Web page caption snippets
□ □ □ □ □ □ □

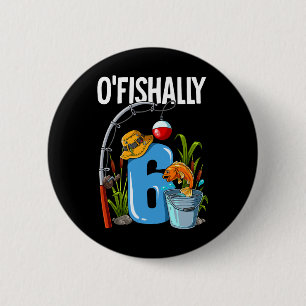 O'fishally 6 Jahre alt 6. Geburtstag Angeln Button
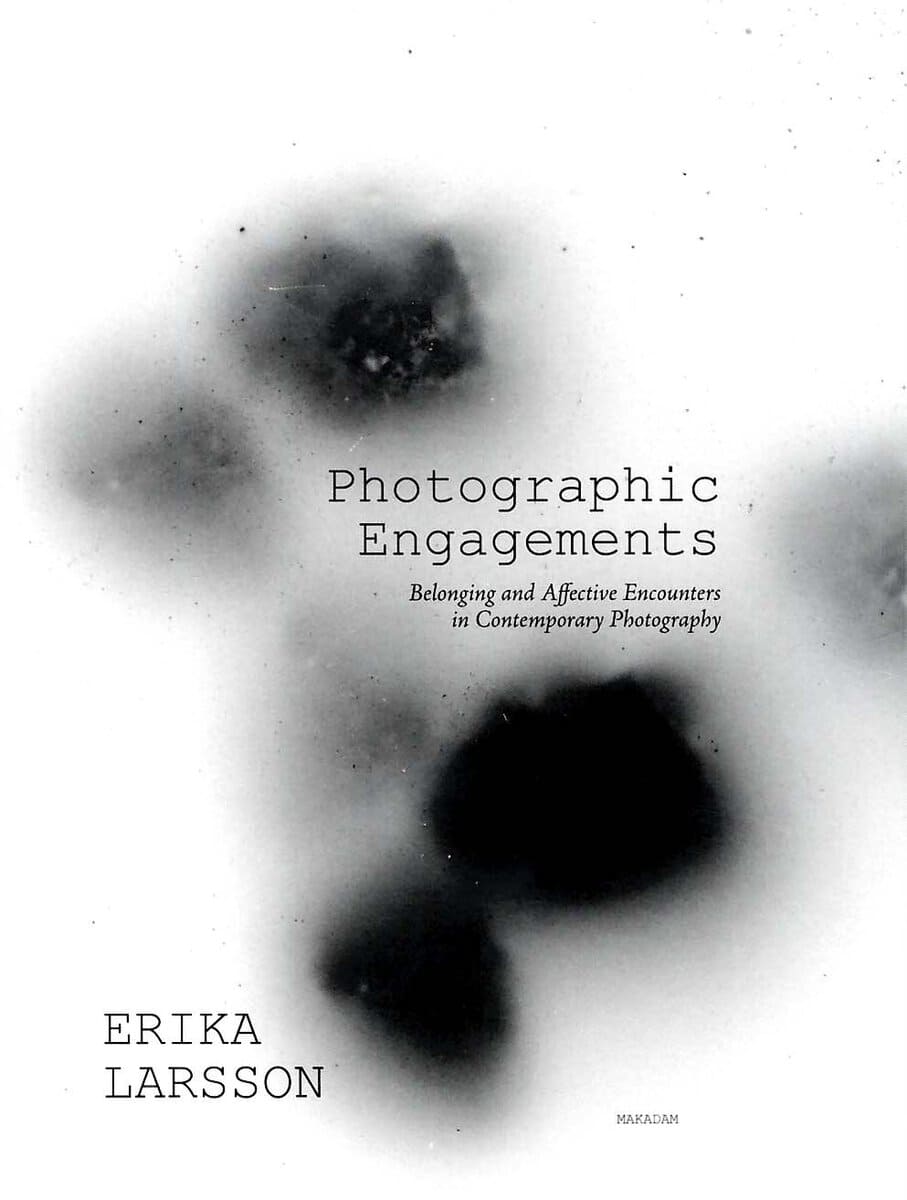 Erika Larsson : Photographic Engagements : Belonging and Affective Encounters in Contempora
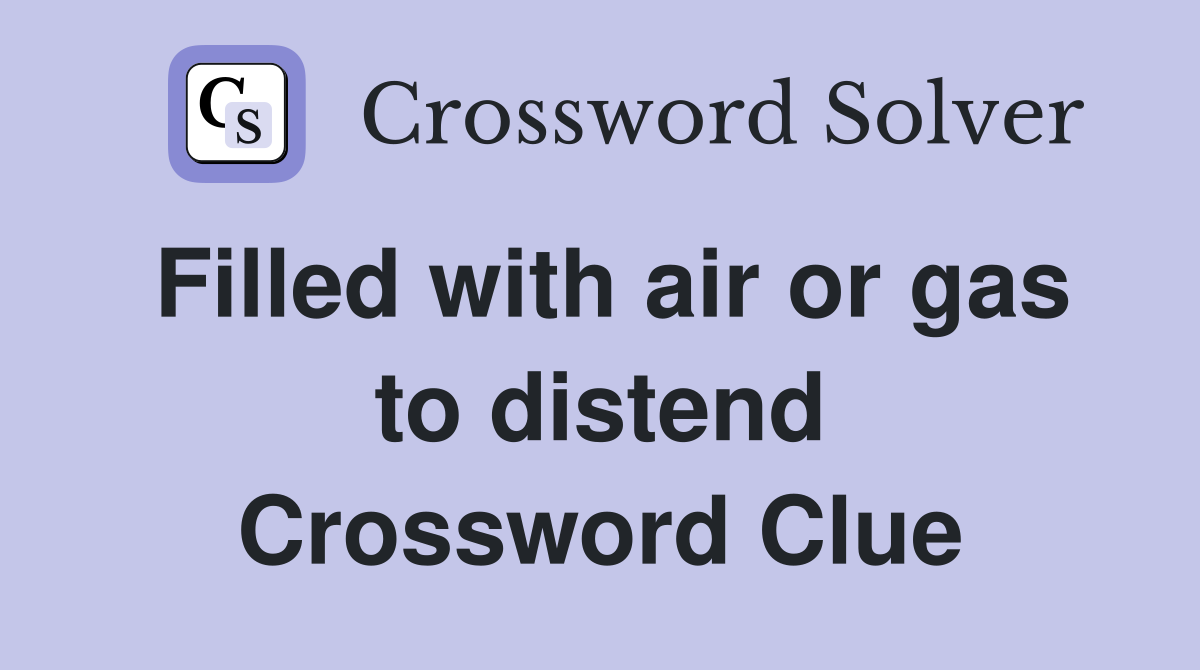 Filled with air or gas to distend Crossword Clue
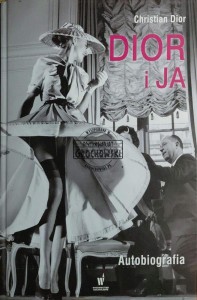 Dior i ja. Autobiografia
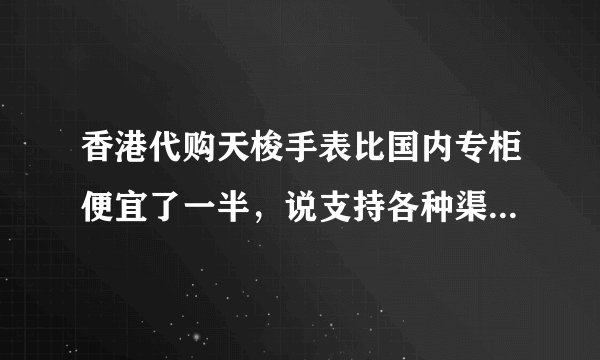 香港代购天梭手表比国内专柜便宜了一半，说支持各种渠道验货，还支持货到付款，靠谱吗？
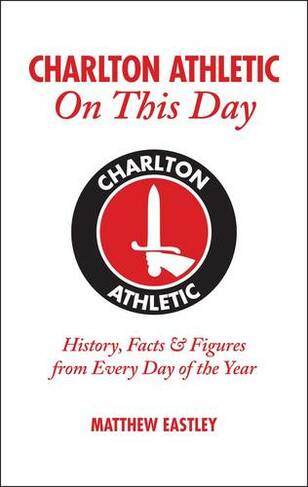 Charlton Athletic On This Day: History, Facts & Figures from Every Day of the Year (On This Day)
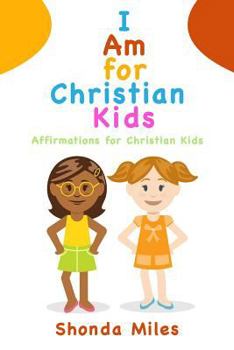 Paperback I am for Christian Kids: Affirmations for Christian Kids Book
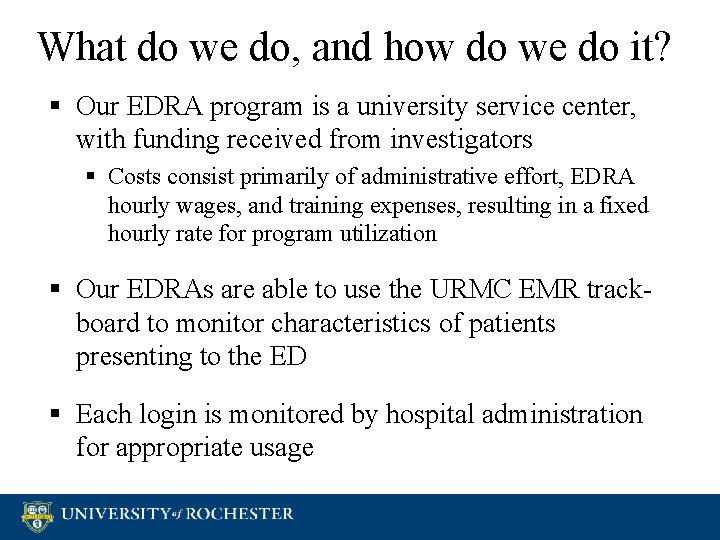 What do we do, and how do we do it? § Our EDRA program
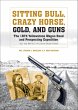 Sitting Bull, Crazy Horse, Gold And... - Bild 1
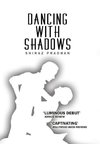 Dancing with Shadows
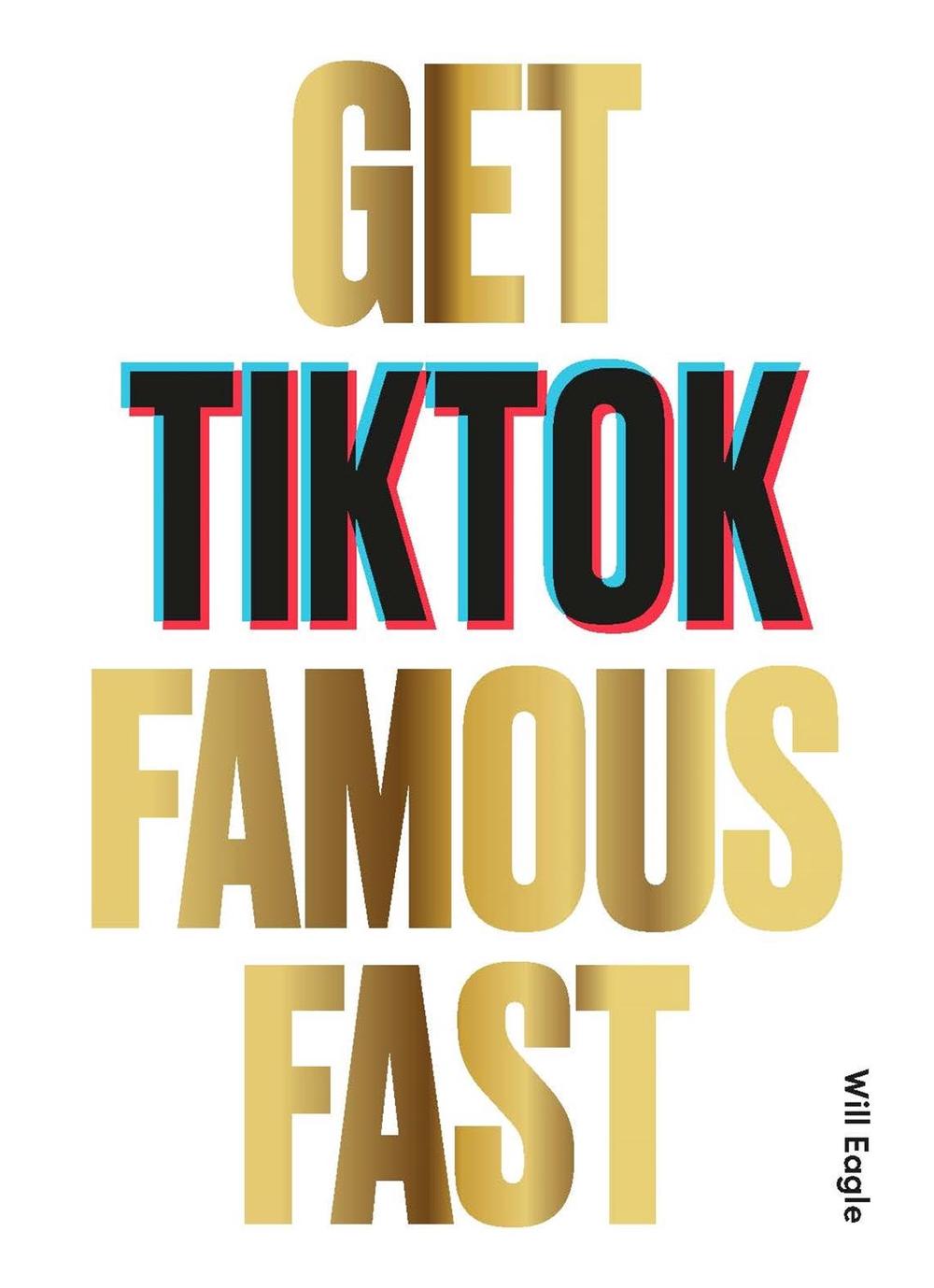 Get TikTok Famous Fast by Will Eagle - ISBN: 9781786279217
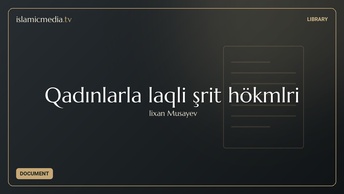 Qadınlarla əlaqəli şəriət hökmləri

□ □ □ □ □ □ □

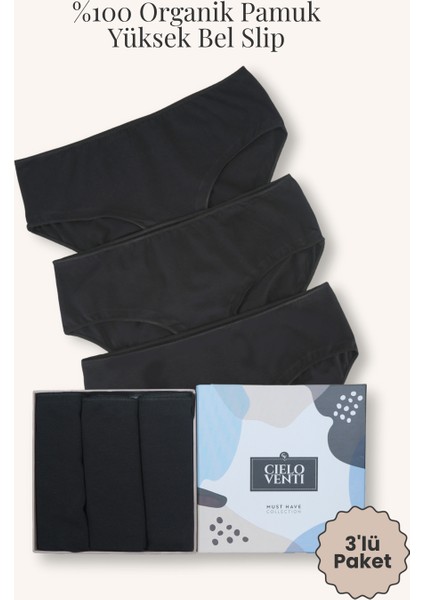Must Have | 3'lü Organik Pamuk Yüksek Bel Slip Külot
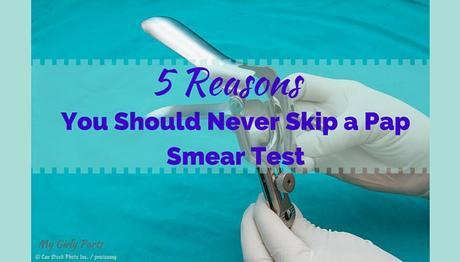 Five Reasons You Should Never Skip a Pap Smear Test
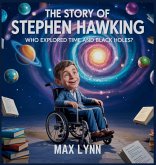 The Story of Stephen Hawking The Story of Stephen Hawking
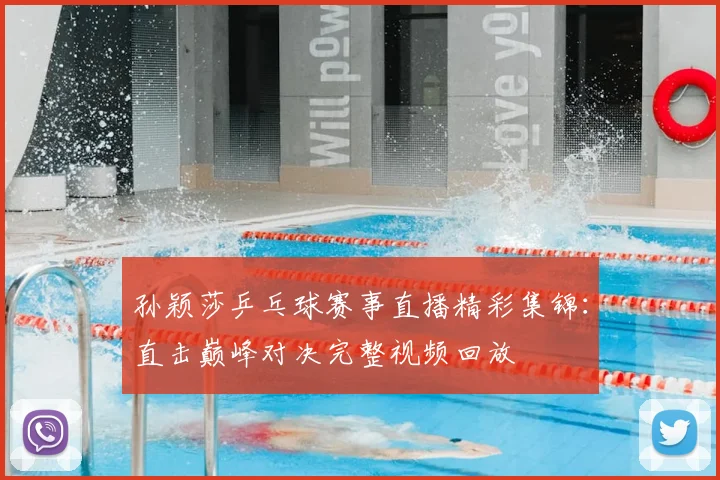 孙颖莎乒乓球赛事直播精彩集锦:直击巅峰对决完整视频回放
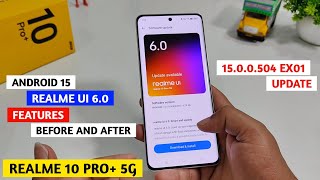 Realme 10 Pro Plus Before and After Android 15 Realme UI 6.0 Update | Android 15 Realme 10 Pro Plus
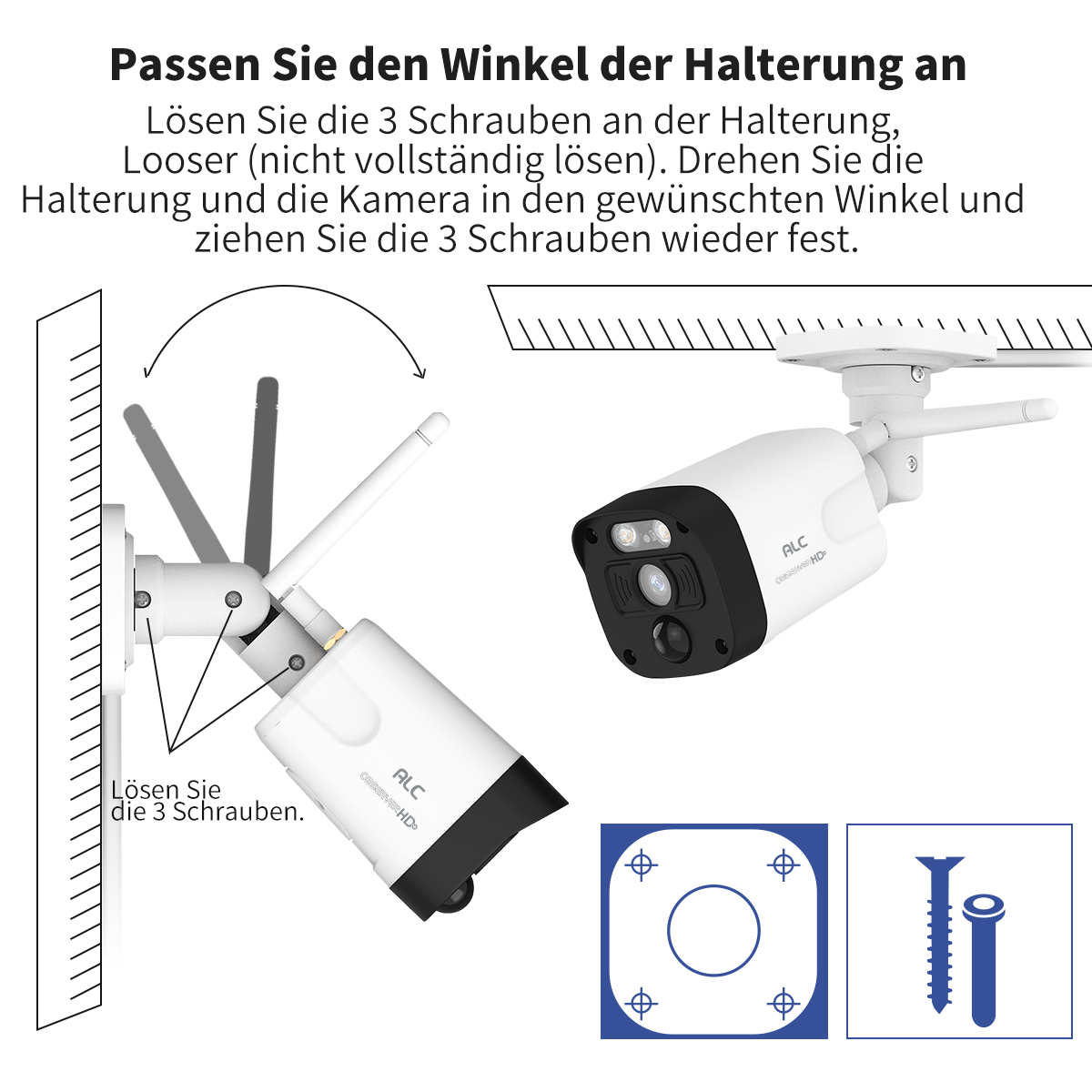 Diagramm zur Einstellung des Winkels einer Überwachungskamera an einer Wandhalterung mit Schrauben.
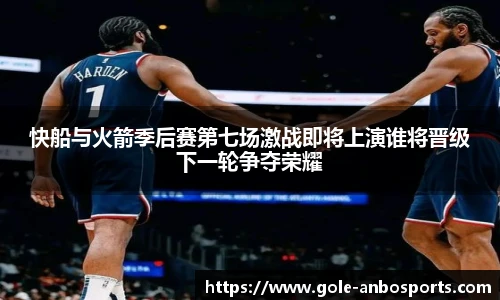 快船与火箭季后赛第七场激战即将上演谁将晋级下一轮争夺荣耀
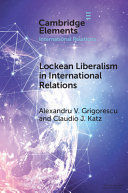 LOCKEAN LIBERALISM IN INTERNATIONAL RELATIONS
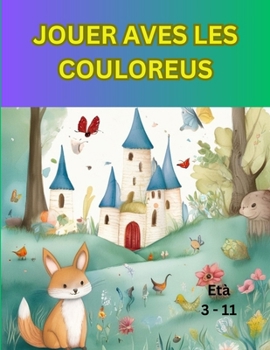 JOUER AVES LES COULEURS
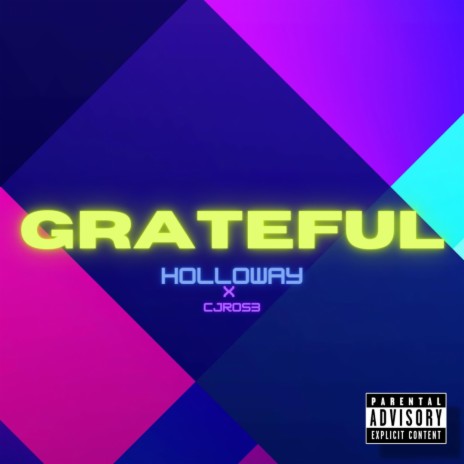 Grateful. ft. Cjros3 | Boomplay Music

□ □ □ □ □ □ □

PROBLEM TO WORK ON ▸ Return, exactly as they stand, the lines above from the one with "O'fishally 6 Jahre" to the one with "Qadınlarla əlaqəli şəriət hökmləri", omitting any pictures among them.

OUTPUT FOR THIS EXERCISE ▸
 O'fishally 6 Jahre alt 6. Geburtstag Angeln Button
 Erika Larsson : Photographic Engagements : Belonging and Affective Encounters in Contempora
 Filled with air or gas to distend Crossword Clue
 Dior i ja. Autobiografia
 香港代购天梭手表比国内专柜便宜了一半，说支持各种渠道验货，还支持货到付款，靠谱吗？
 Charlton Athletic On This Day: History, Facts & Figures from Every Day of the Year (On This Day)
 Paperback I am for Christian Kids: Affirmations for Christian Kids Book
 What do we do, and how do we do it? § Our EDRA program
 Sitting Bull, Crazy Horse, Gold And... - Bild 1
 Dancing with Shadows
 Get TikTok Famous Fast by Will Eagle - ISBN: 9781786279217
 Qadınlarla əlaqəli şəriət hökmləri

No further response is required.